*** Opening of Dataset entries ***
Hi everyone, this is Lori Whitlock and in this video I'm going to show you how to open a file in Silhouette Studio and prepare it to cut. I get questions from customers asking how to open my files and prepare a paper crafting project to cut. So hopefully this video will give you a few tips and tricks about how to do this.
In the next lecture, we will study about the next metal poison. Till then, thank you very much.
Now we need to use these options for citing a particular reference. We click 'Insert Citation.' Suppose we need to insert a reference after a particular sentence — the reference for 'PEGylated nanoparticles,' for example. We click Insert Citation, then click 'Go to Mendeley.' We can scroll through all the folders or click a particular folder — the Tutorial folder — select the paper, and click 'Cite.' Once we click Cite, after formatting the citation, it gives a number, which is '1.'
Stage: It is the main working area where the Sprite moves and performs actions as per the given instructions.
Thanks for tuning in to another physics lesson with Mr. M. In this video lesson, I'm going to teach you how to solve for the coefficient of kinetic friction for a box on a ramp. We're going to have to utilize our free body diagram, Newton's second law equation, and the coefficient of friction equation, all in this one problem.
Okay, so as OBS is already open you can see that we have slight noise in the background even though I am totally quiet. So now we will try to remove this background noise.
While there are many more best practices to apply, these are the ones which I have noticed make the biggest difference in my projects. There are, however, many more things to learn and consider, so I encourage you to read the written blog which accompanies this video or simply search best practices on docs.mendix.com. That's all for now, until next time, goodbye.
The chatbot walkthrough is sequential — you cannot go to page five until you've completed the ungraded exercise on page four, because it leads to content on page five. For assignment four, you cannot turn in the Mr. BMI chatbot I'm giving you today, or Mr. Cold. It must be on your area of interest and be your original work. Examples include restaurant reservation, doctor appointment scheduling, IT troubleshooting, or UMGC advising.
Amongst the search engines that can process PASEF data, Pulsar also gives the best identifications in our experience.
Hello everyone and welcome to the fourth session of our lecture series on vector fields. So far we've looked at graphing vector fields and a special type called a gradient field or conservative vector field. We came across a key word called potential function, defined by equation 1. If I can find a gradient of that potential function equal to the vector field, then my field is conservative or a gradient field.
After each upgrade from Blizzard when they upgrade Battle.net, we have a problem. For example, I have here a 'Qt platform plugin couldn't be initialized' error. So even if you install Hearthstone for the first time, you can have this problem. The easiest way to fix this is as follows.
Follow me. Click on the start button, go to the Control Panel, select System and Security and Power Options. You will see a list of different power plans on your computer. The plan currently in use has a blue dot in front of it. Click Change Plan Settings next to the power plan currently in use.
*** Close of Dataset entries ***
**Task prompt**
Starting at the first line of the records above, please copy every line exactly through the line containing "While there are", and stop there.

**Task result**
Hi everyone, this is Lori Whitlock and in this video I'm going to show you how to open a file in Silhouette Studio and prepare it to cut. I get questions from customers asking how to open my files and prepare a paper crafting project to cut. So hopefully this video will give you a few tips and tricks about how to do this.
In the next lecture, we will study about the next metal poison. Till then, thank you very much.
Now we need to use these options for citing a particular reference. We click 'Insert Citation.' Suppose we need to insert a reference after a particular sentence — the reference for 'PEGylated nanoparticles,' for example. We click Insert Citation, then click 'Go to Mendeley.' We can scroll through all the folders or click a particular folder — the Tutorial folder — select the paper, and click 'Cite.' Once we click Cite, after formatting the citation, it gives a number, which is '1.'
Stage: It is the main working area where the Sprite moves and performs actions as per the given instructions.
Thanks for tuning in to another physics lesson with Mr. M. In this video lesson, I'm going to teach you how to solve for the coefficient of kinetic friction for a box on a ramp. We're going to have to utilize our free body diagram, Newton's second law equation, and the coefficient of friction equation, all in this one problem.
Okay, so as OBS is already open you can see that we have slight noise in the background even though I am totally quiet. So now we will try to remove this background noise.
While there are many more best practices to apply, these are the ones which I have noticed make the biggest difference in my projects. There are, however, many more things to learn and consider, so I encourage you to read the written blog which accompanies this video or simply search best practices on docs.mendix.com. That's all for now, until next time, goodbye.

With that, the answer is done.